DALLAS, TX - The Dallas and Fort Worth housing market certainly isn't looking up, but there are faint signs that have given one expert a glimmer of hope.
"There are a lot of these initial signs, these little hooks, that may mean we're nearing the bottom," said Ted Wilson, principal with Dallas-based Residential Strategies Inc., who presented the company's report on first-quarter new-home activity at Northwood Country Club in Dallas Wednesday.
"The reality is that market bottoms usually take more time to form," Wilson said. "It's a little early to say that this is the actual bottom."
As Wilson began his presentation, one developer in the audience compared measuring the bottom to "fishing in a deep lake —I don't have enough line."
Wilson projected that the market bottom will likely come by late 2009, possibly November. But he added that recovery of the North Texas housing market is largely dependent on the recovery of the national economy.
In the first quarter of 2009, there were 2,286 home starts — 52% below the first quarter of 2008.

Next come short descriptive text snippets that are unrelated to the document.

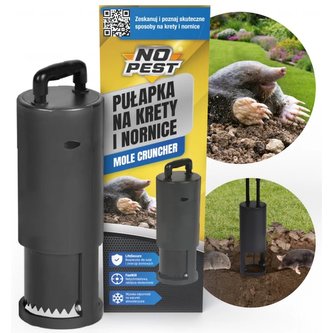NO Pest Past na krtky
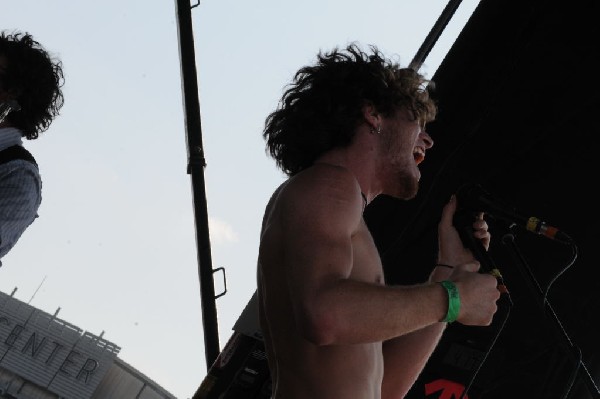 Nothing More at Warped Festival, San Antonio, Texas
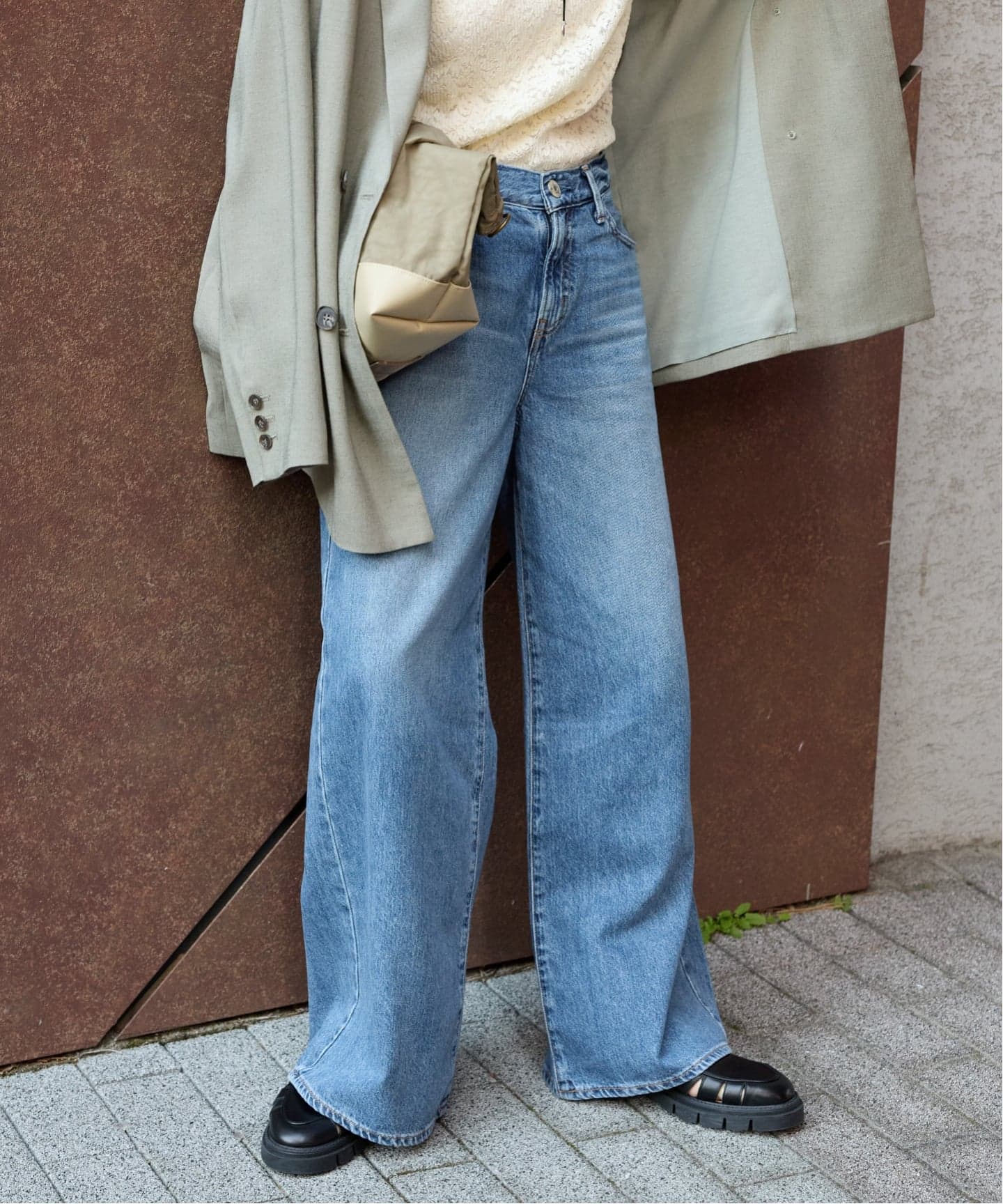 別注【NEEDBY heritage/ニードバイ ヘリテージ】REMI midrise wide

There were 17,019 starts in the Dallas-Fort Worth area for the year ending March 31, 2009, and 22,608 closings. At the end of the first quarter, there were 3,851 homes under construction and a finished home inventory of 6,432.
For 11 consecutive quarters, area builders have closed 16,569 more houses than they've started, showing a dedication to working down existing new home inventories, Wilson said. In the first quarter of 2009, builders closed 1,710 more houses than they started.